Rhode Island College President Frank Sánchez says the college faces $10.4 million of debt and needs to reduce its expenses by 15-percent. That means the end of the Henry Barnard School along with pay cuts, hiring freezes, staff reductions and cost of living adjustments.
In a statement, the President said in part, “These are the hardest choices I’ve had to make during my time as president,” Sánchez said. “However, they were compelled by the need to continue to serve more than 6,500 college students at the heart of our mission, many of whom are the first in their family to attend college. Every decision I make is guided by my responsibility to them.”
To read the full statement, click here: Rhode Island College Implements Cost-Cutting Measures
Senate President Dominick Ruggerio also responded to the closure. In a statement he said, “I am extremely disappointed in the decision of RIC President Frank Sanchez to close Henry Barnard School. This will certainly have a negative impact on students and their parents as they head into what’s sure to be an already difficult school year.
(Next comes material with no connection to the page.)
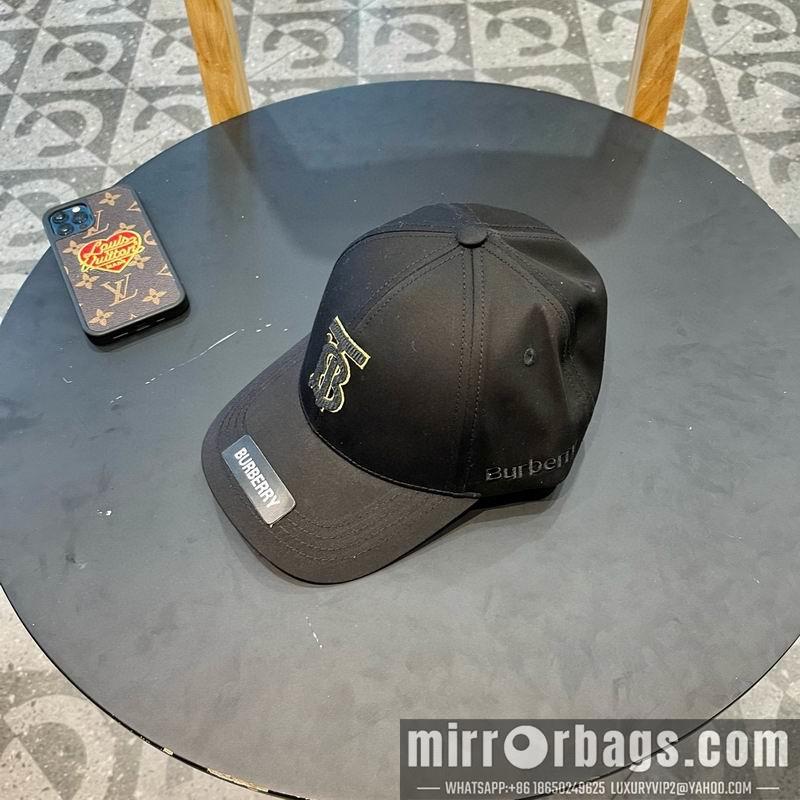 Replica Burberry Hat 072202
I will be reaching out to Governor Gina Raimondo and Speaker Nicholas Mattiello to see what we can do to keep this 120 year old laboratory school operating into the future.”
However, parents say things went south a long time ago and cite a trend of mismanagement and lack of leadership
“I just think the most surprising thing has been there’s been no willingness at all to come up with any sort of possible solution,” Wang said.
Wang says the parents want to continue the legacy of the Henry Barnard School with or without the college.
“We’re definitely not ready to give up yet,” Wang said. “We think it could be a really great opportunity to turn it into a school that values that laboratory experience and diversity.”
Parents say they are looking into options like an independent or charter school to reinvent Henry Barnard.